I believe in creativity balanced with discipline. Some people are born with more innate creativity, others with more discipline; I am all creative and no discipline. I think the trick is to balance the two, because only with a good balance can truly great things be achieved. For someone like me, however, that’s much easier said than done.
As a little kid I was kind of off in my own little world. I was as smart as any other child, but things like math homework and physiology just didn’t engage me. I doodled and daydreamed in class, wrote fiction while I was supposed to be working, and devoted inordinate amounts of time and thought to characters, stories, and worlds that only exist in fantasy. Many great authors and artists have described the same habits, which gives me hope, but here’s the problem: they put in the necessary effort over a sustained period of time to make good on their dreams, and I have yet to do that. All of the novels I set out to write are still sitting at two pages. In fact, I’ve never written anything longer than twelve pages, and after all these years my drawings still look like the work of a ten-year-old.
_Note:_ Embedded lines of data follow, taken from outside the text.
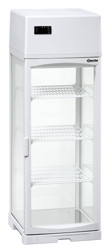 Вітрина холодильна міні Slim - Line 80L 700180G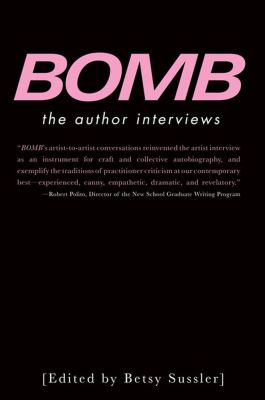 Bomb: The Author Interviews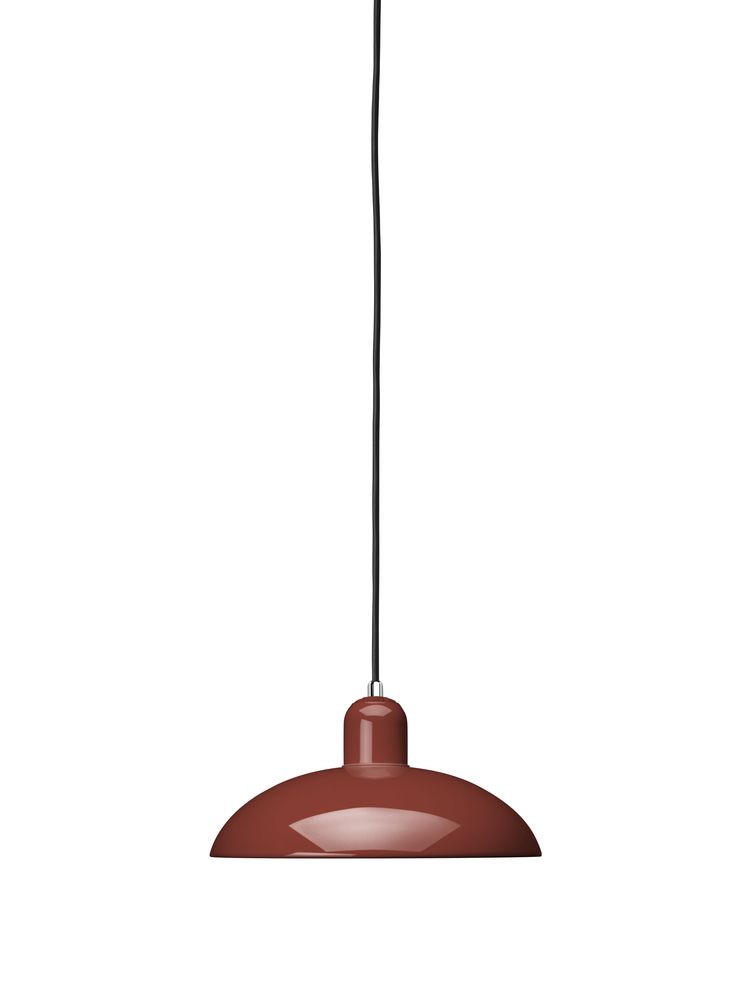 Fritz Hansen - Kaiser Idell 6631-P Venetian Rød fra Lampeexperten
There came a point after high school when I realized that if I’m going to turn my unfocused creativity and daydreaming into something more tangible than the vague realm of my imagination, it’s going to take some work, some persistence, and some discipline. Sometimes my self-defeating lack of discipline is pretty disheartening. For example, if I get this essay to the point where I actually submit it without losing interest, it will be a first. The more I grow and learn, however, the more easily discipline comes to me. It sounds obvious that we all grow more disciplined as we mature, but until recently that didn’t actually seem very likely to me, especially when I think of all the forty-five-year-old teenagers I’ve met, college professors who frequently indulge various addictions, and parents in their thirties who still consider themselves skater punks.
I’ve come to realize that we can’t all be fifteen-year-old prodigies, however nice and convenient that sounds. But as time passes I get nearer and nearer to my goals. Now that my thoughts about the value of discipline in augmenting and enabling creativity have been consolidated and made a part of me, anything can happen, so keep an eye out for my name in the bestseller lists.